* Data in this exercise *

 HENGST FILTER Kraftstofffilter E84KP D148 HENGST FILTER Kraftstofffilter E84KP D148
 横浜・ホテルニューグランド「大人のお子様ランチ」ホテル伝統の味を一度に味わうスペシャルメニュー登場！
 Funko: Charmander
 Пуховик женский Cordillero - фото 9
...
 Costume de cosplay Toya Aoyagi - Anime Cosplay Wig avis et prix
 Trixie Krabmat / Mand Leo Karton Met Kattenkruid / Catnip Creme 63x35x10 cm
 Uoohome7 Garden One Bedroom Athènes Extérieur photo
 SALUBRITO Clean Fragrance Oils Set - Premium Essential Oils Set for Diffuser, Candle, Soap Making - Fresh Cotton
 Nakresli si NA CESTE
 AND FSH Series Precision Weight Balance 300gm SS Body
--
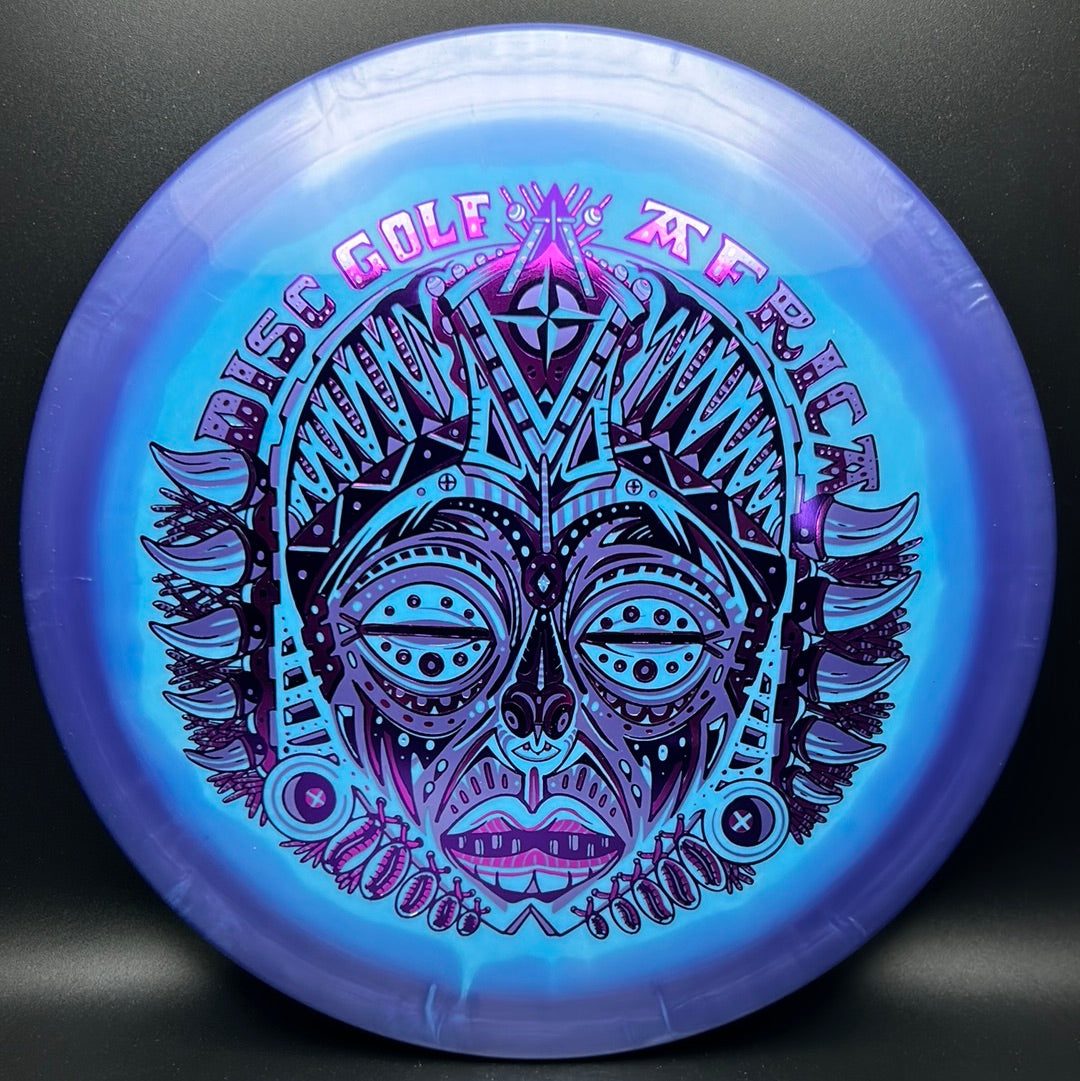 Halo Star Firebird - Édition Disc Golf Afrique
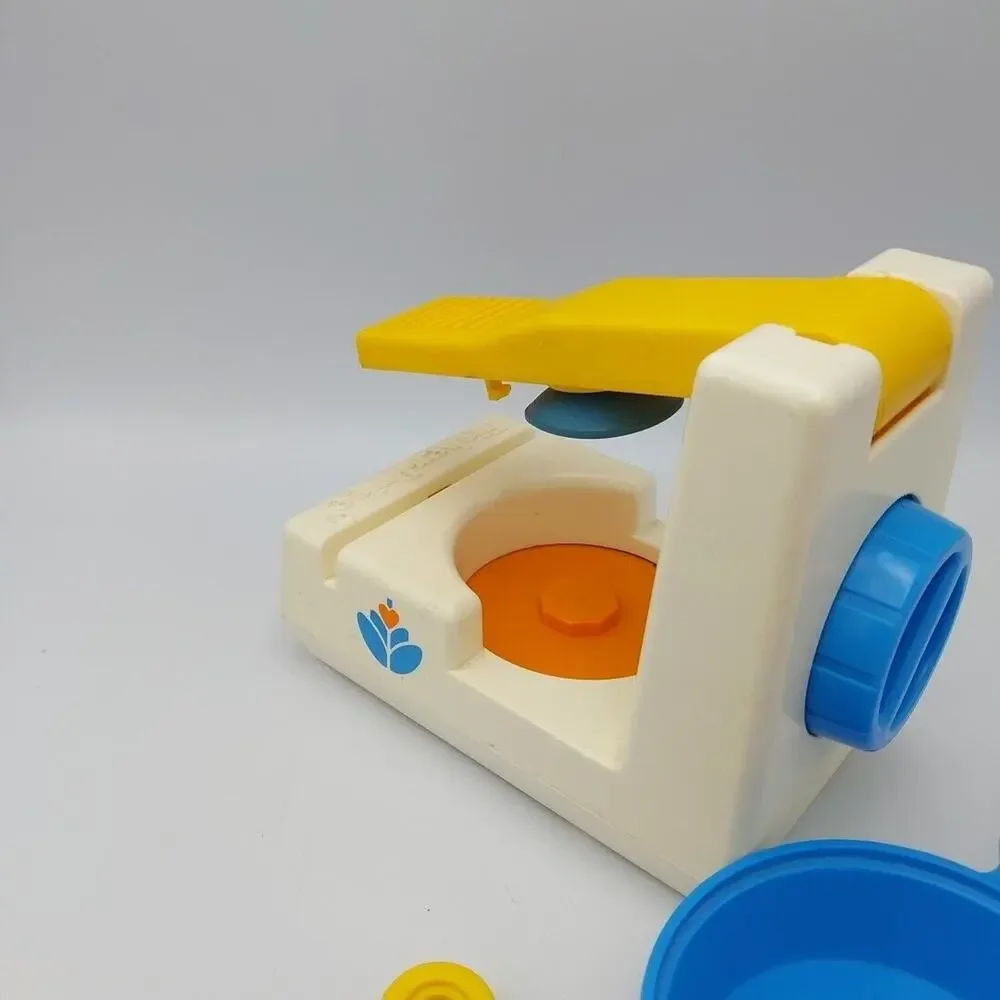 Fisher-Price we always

* What needs to be done *
Scan the records above for the lines holding "横浜・ホテルニューグランド「" and "Пуховик женский Cordillero - фото 9". Transcribe those two and every line between them word for word, and no others.

* Task solution *
 横浜・ホテルニューグランド「大人のお子様ランチ」ホテル伝統の味を一度に味わうスペシャルメニュー登場！
 Funko: Charmander
 Пуховик женский Cordillero - фото 9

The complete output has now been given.